This is no time to snooze. This week was one for record books for the massive amount of incomplete news, the mixed outcome of some important economic stats and the unruly price action of the broad indexes, up one day, down the next. For the most part, its business as usual, but with the markets at such lofty levels for the year, I see the goal should be to remain cautious and ignore the more impulsive investor behavior in favor of a protective strategy. Here’s why.
With the equity markets continuing their impressive year, getting the most recent lift from the optimistic expectations stemming from current tax legislation, the facts are still elusive. I have as much to like and dislike from what I’ve read and my overall take away is that the potential of the markets to rise on the circumstance and sell on the outcome has rarely been stronger. That said other investment environments and external events are serving as strong distractions, including, OPEC cutting oil prices, bitcoin rising to record levels on the back of an announced launch of a tradable futures contract by Dec 18th, and what turned out to be a very good earning season especially for the retail industry, always a good sign for the markets and the economy.
Between the recent estimate upgrade of the 3rd Quarter GDP from 3.0% to 3.3% and the release of the highest consumer confidence level in 17 years the economic news has been mostly good. I say mostly, because among the contributors to recent volatility in the markets has been a decline in the Chicago PMI manufacturing index, albeit from larger than normal recent rise it is still worth paying attention to. Mainly because as most of the positive news focuses on indicators that suggest continued downward pressure on the unemployment rate and potential higher inflation, inflation could become a problem at some point too.

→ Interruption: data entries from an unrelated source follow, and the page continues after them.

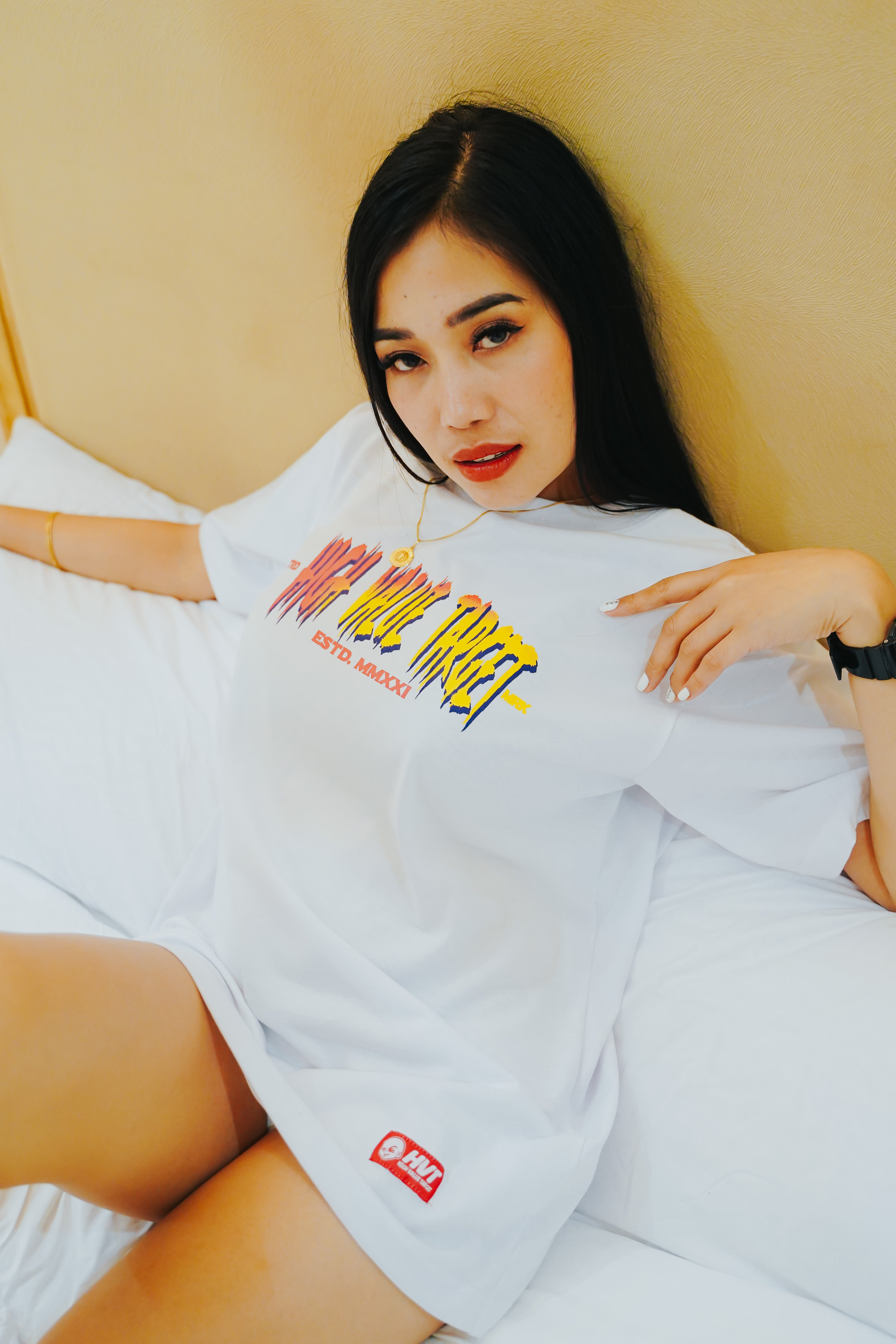HIGH VALUE TARGET "KEEP YOUR HUSTLE BURNING" WHITE CVC COTTON UNISEX T-SHIRT
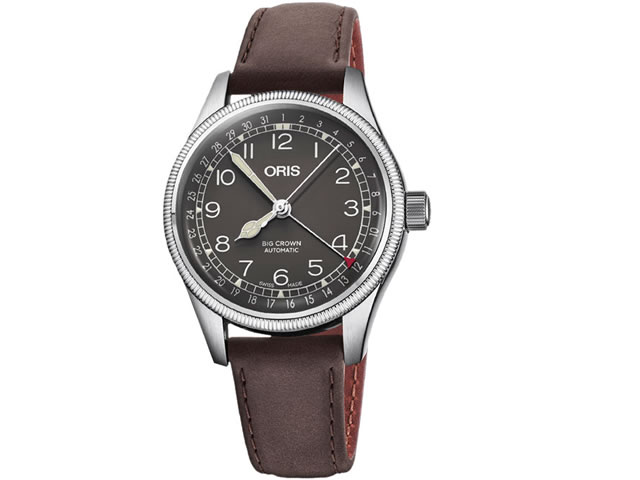 オリス 時計 Oris ビッグクラウン ポインターデイト 36mm ビンテージボーイズサイズ ブラック文字盤 腕時計 75477494064 レザーベルト 送料...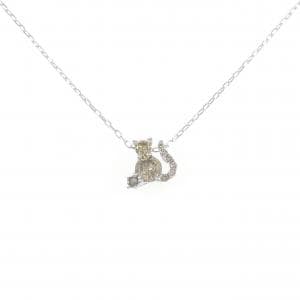 K18WG キャット ダイヤモンド ネックレス 0.50CT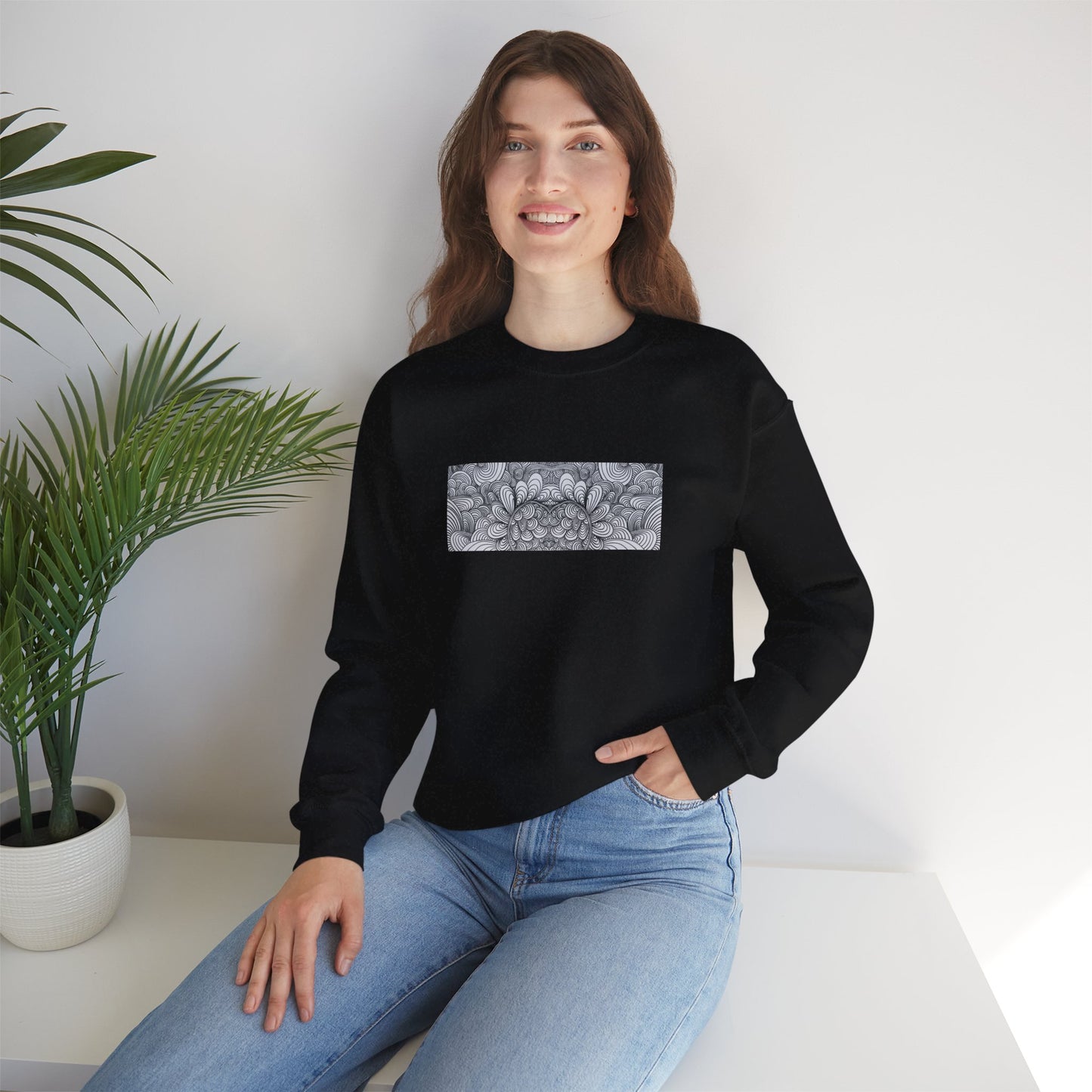 Unisex Original Minimalist Healing Line Art Sweatshirt - Apricots Noir Mirage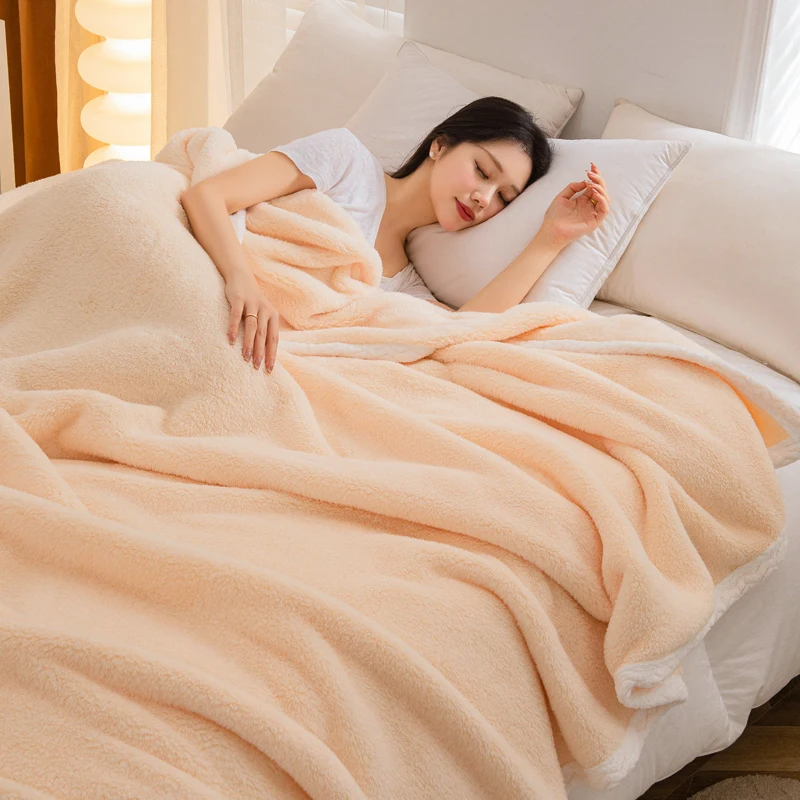 

Soft Warm Coral Fleece Blanket Autumn and Winter Bedspread Sofa Throw 300Gsm 5 Size Light Thin Mechanical Wash Flannel Blankets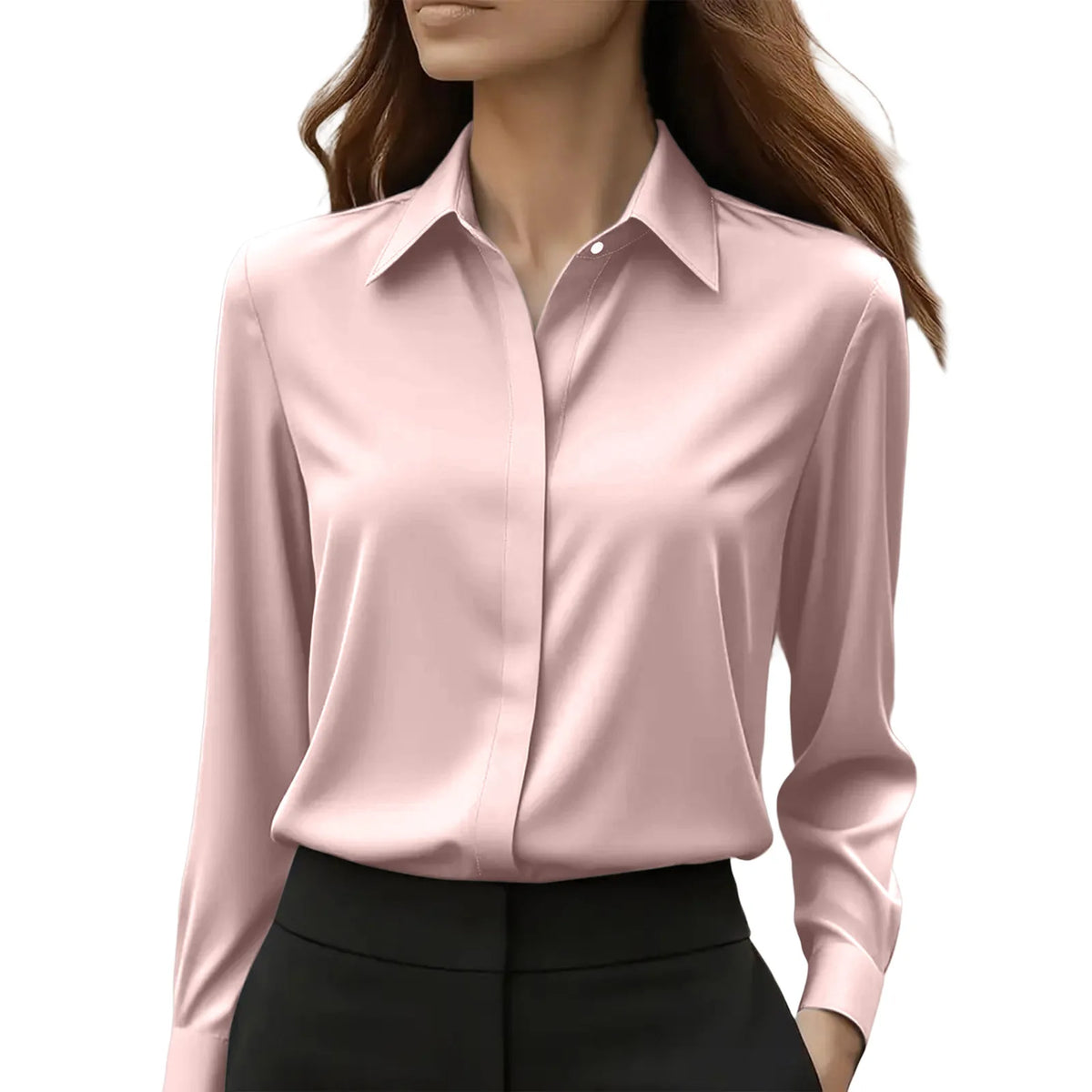 Kvinners Langermet Bluse med Satengknapper 8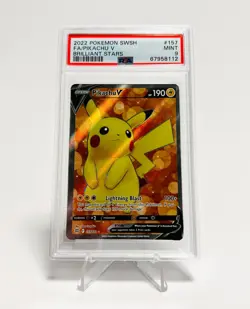 PSA 9 Pokemon Pikachu V 157/172 Brilliant Stars Full Art Ultra Rare - Image 2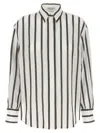 Brunello Cucinelli Sequined Stripe Button Down Gauze Blouse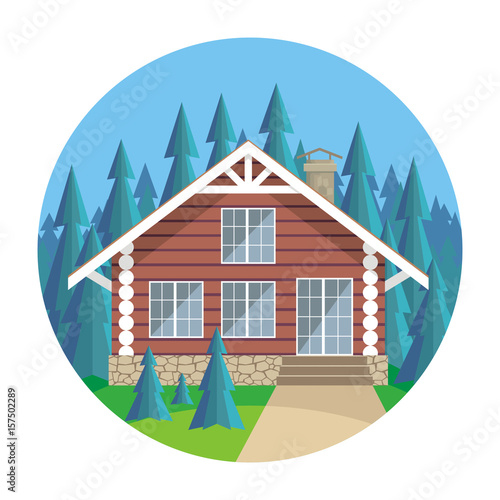 The image of a log house in an environment of fir trees. Beautiful summer landscape. Vector background.
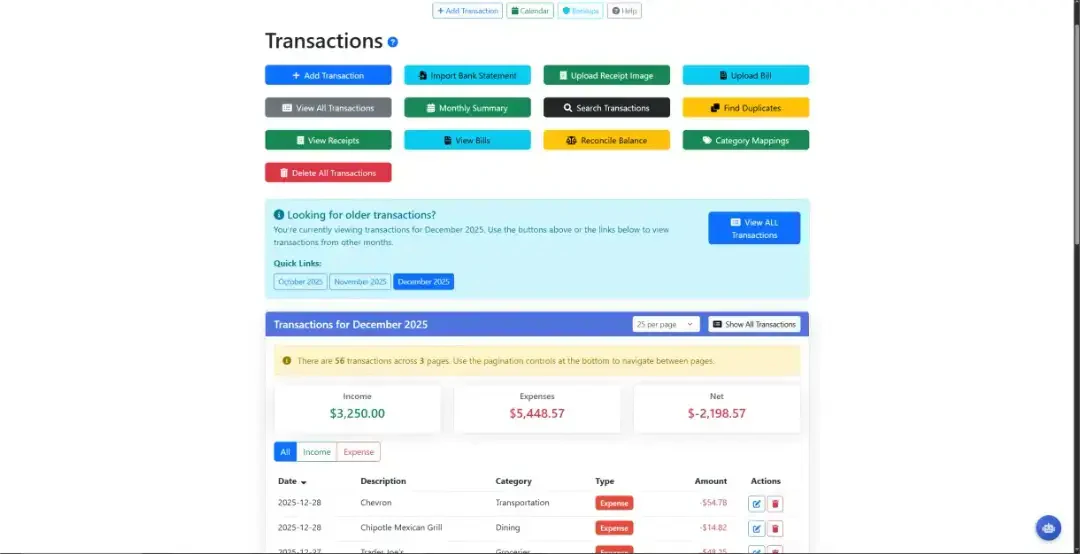 Cognito Money transaction management interface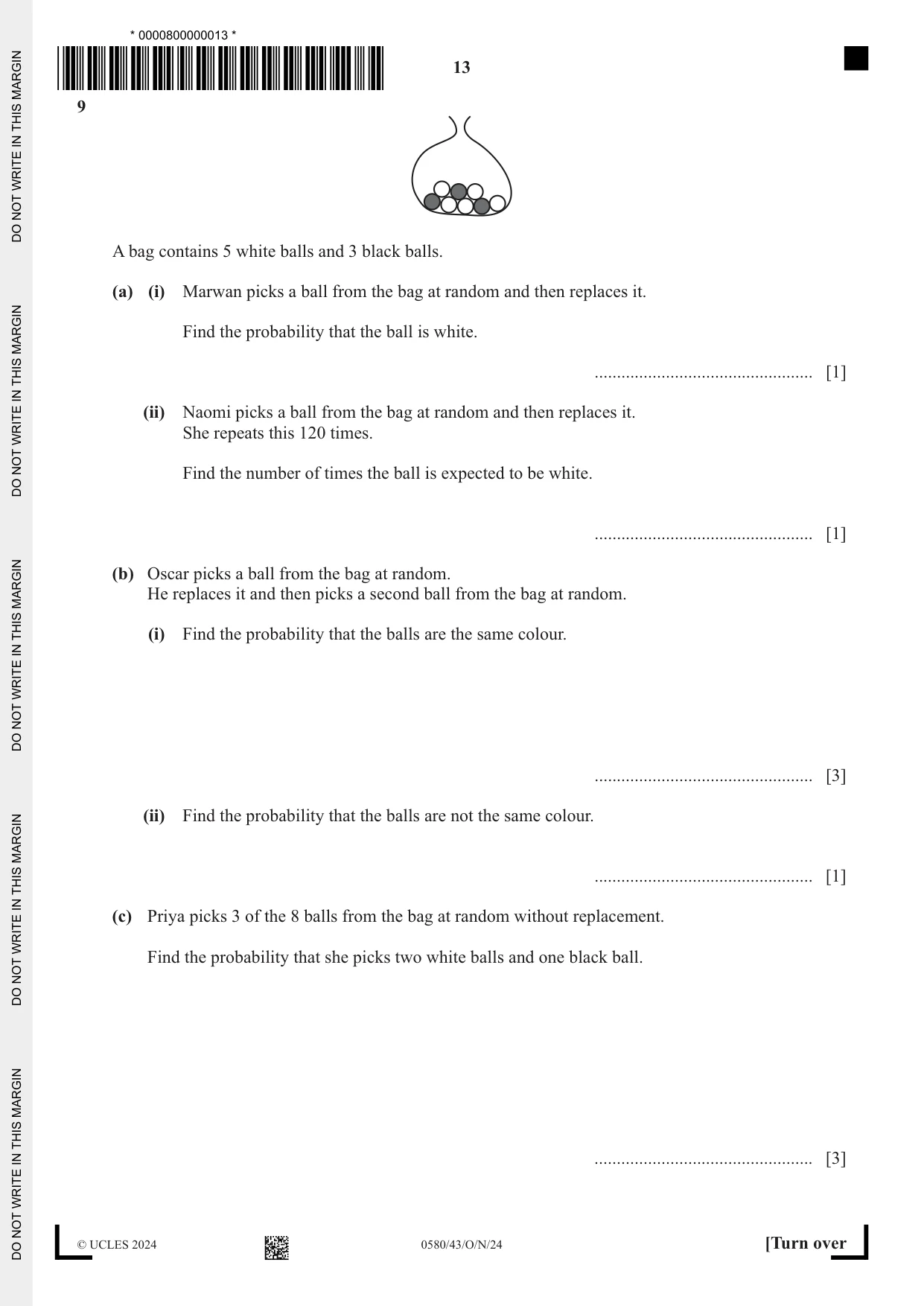 Cambridge IGCSE Mathematics 0580 2024 Oct/Nov Paper 4 · Variant 3 question paper, page 13 of 20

In the meantime it’s hard to imagine the fed won’t increase interest rates at their next meeting on Dec 12 and 13th. With good economic data that comes from consumer’s activity the outlook for inflation still seems the primary incentive as well as Europe is showing similar signs of pressures. However, rather than talk much about the reporting board the outlook for the expiration of the current chairpersons term is leading the concern as to whether the incoming replacement will raise rates too aggressively. No reason I can see for that happening but the news adds to the current market volatility.
Which bring us to the nerve center for market volatility. While much of the media activity swirls around the current administration the financial markets have managed to focus on the economy and corporate activity instead. Good thing, since there is much that will eventually come out of the current political dilemmas that will get a fair spin that an investor can act on.
There you have it, a rising market, lots of volatility and very few answers to much external activity. Generally I choose to shift to more large cap and dividend friendly investments to be better prepared for any unexpected surprises. I still think the year will end on a high note, so I’m more looking into the first quarter of next year.